St. Augustine Beach commissioners argue over civic association and farmers market

The odds of Wednesday farmers markets surviving in St. Augustine Beach seem better after a County Commission meeting on Tuesday, but issues surrounding the event’s management stoked arguments the night before among the St. Augustine Beach commissioners.


Monday’s beach meeting was peppered with bickering among commissioners, loud public comment and shouts and grumbling from the audience — Mayor Rich O’Brien had one man escorted out after the man exchanged words with him during public comment.

At issue was a request by the St. Augustine Beach Civic Association that the City Commission adopt a resolution which would support the group’s effort to work out a new lease with St. Johns County to hold the markets. The resolution would also have supported a temporary lease extension and reduced rent rates if the county begins requiring rent from the civic association.

The discussion came late in the meeting, and O’Brien and Commissioner Gary Snodgrass tried to change city procedure to allow for a vote as the clock edged toward midnight. Three commissioners voted against the motion, some citing the late hour and noting the tension on the dais.

The county controls the property near the pier where the farmers markets are held, and has allowed the civic association to operate the markets rent-free.

A recent notice from County Administrator Michael Wanchick notified the civic association that he wouldn’t recommend renewing the agreement, which was to end in July. That news resulted in an online petition to save the market alongside other efforts. At Tuesday’s St. Johns County Commission meeting, Wanchick said he would extend the lease for five or six months and use that time to work through issues with the civic association and come up with a long-term solution.

Feelings were mixed about the future of the market in St. Augustine Beach.

“They [the civic association] get that space for free, and they charge other people and that is public land,” Vice Mayor Undine George said.

“We’ve already agreed to that,” Snodgrass said.

“What do you mean we’ve agreed to it? We haven’t agreed to anything,” George said. “This is the county. … We’re interjecting ourselves into the county. Each of us can communicate. The mayor took a leap of faith and sent on city letterhead without consensus a letter on behalf of the city … “

“I’m grateful that he did that, by the way,” Snodgrass said.

George said previous agreements between the civic association and the county put money toward Pier Park improvements.

“Now there’s no … profits turned over for the benefit of the county,” George said. “It’s all kept in house. So was it appropriate for Wanchick to say, ‘You know what? I’m not going to rubber stamp a renewal of a 10-year lease that gives all the profit to a private organization without competition, without examination of the other options. Quite frankly, I think that was appropriate. Do I want to see the farmers market to go away? Absolutely not.”

Bill Jones, civic association president, has pointed out that the association gives money to the city and nonprofits such as the Betty Griffin House, and sponsors community events.

Snodgrass said he supports the civic association and not just the farmers markets. He referred to “thousands of people” who go to civic association events such as the summer concert series and farmers markets.

Commissioner Maggie Kostka said she is not against the civic association and supports working out a solution, but she said it would be presumptuous for St. Augustine Beach to voice their position on Monday.

Snodgrass said it would be “shameful” not to act on behalf of the civic association.

George said she disagreed and said she thought Snodgrass was being “blinded” — and she cited the late hour.

“I’ll stay here all night … if that’s what it takes,” Snodgrass said.

After 11 p.m., commissioners aren’t supposed to make a decision, officials said.
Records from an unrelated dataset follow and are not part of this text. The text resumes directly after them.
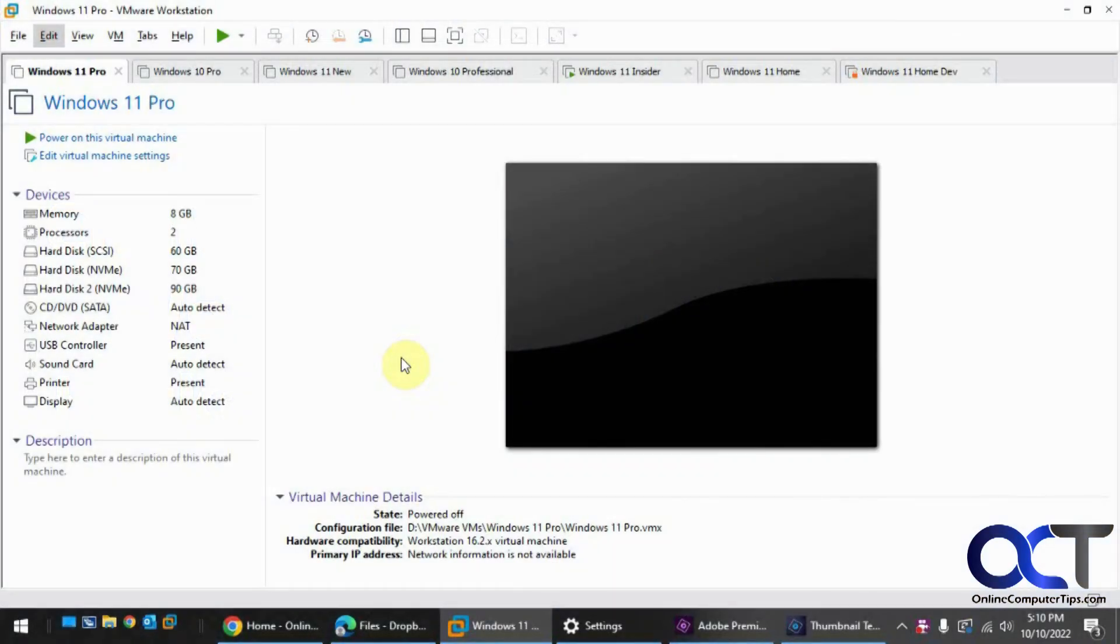Hi. In this video, we're going to show you how to change your hotkey settings for VMware Workstation Professional.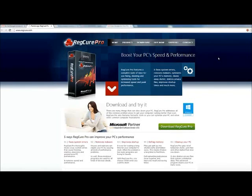Hey guys, I wanted to talk about how I fixed my slow computer and it was thanks to RegCure Pro. I think that's how I say it.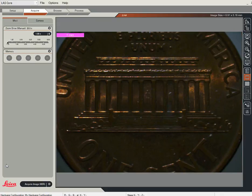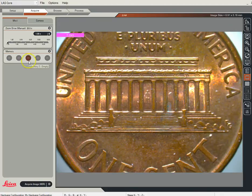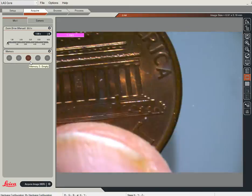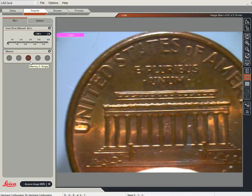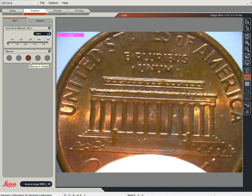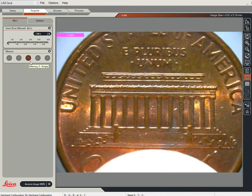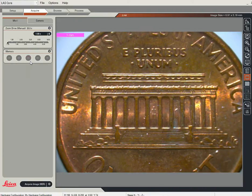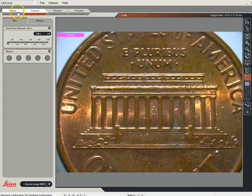The first thing you'll notice is that we actually do have a live image here. You can see there's my finger and we can move this little penny around. There are lots of controls on this — we don't use all of them, so don't panic on that.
Commissioners can waive the rule, City Attorney Jim Wilson said.

Commissioner Margaret England said she didn’t want to change the city’s “rules on the fly” and supported taking a breather on the discussion.

“I’m afraid this is going to get out of control,” she said.

Still, Snodgrass made a motion to change the rules so that the commission could resolve the issue after 11 p.m.

“That’s heresy,” someone yelled from the audience.

The commission voted 3-2 against Snodgrass’ motion, and didn’t allow public comment before the vote. O’Brien and Snodgrass voted to waive the time rule for the night.

Applause rose from the audience before O’Brien adjourned the meeting.

Reporter Jake Martin contributed to this report.